▶ **Exercise prompt**
Copy each entry verbatim, excluding its images.

▶ **Data for analysis**
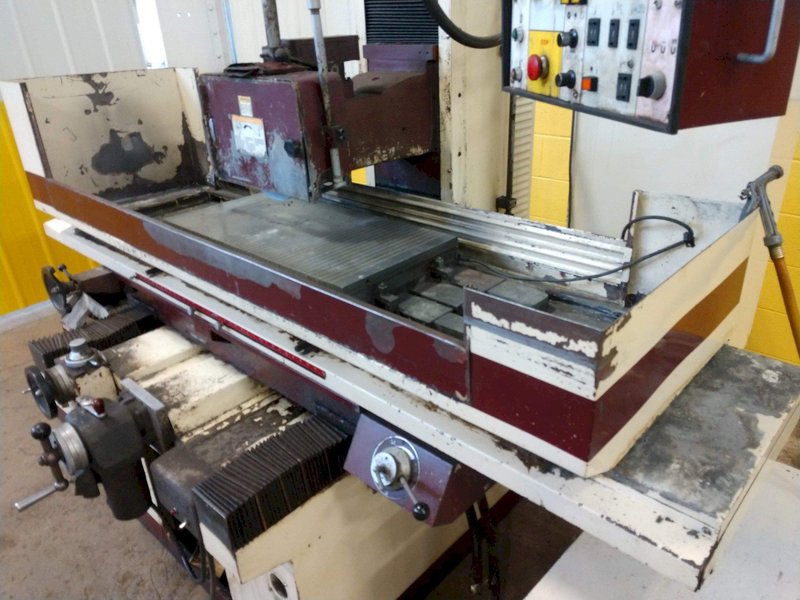 16&quot; X 32&quot; CHEVALIER MODEL #FSG1632AD HORIZONTAL 3 AXIS SURFACE GRINDER: STOCK 12711
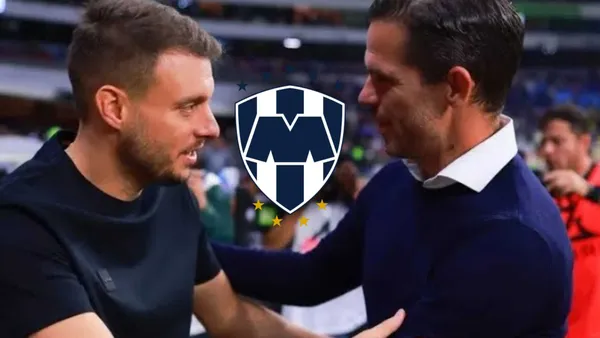 Martin Anselmi y Fernando Gago (Foto: MEXSPORT)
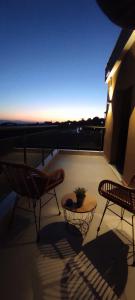 Sea View Villa in Eretria with Garden, BBQ & Fire Pit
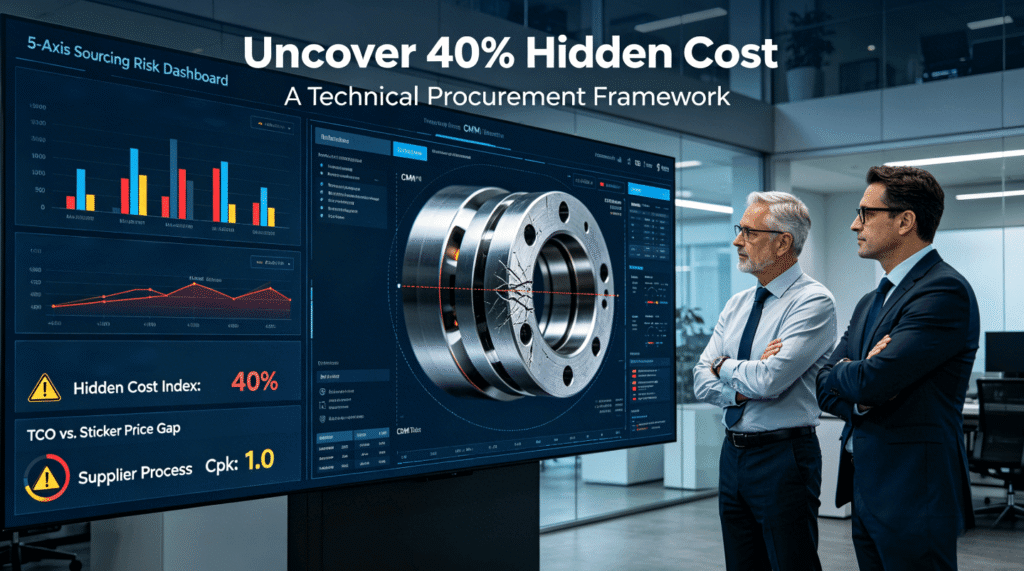 For Technical Procurement Leaders: How to Avoid 40% Hidden Costs in 5-Axis CNC Sourcing and Build a Resilient Supply Chain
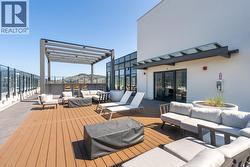 Brooklyn rooftop patio -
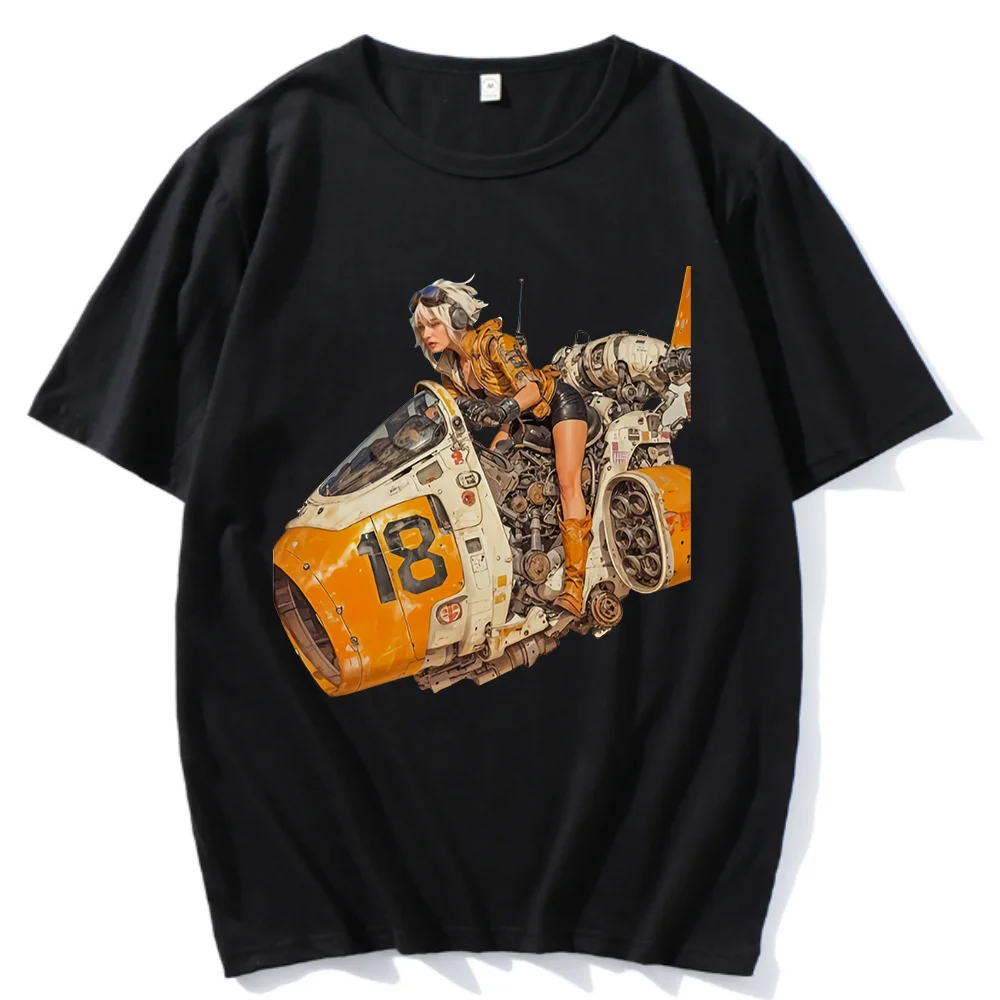 

Motorcycle Speed y2k t shirt kawaii Original Graphic ropa de mujer men woman clothing Minimalist Male Female Kpop Neutral tops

▶ **Result for this exercise**
 16&quot; X 32&quot; CHEVALIER MODEL #FSG1632AD HORIZONTAL 3 AXIS SURFACE GRINDER: STOCK 12711
 Martin Anselmi y Fernando Gago (Foto: MEXSPORT)
 Sea View Villa in Eretria with Garden, BBQ & Fire Pit
 For Technical Procurement Leaders: How to Avoid 40% Hidden Costs in 5-Axis CNC Sourcing and Build a Resilient Supply Chain
 Brooklyn rooftop patio -

Motorcycle Speed y2k t shirt kawaii Original Graphic ropa de mujer men woman clothing Minimalist Male Female Kpop Neutral tops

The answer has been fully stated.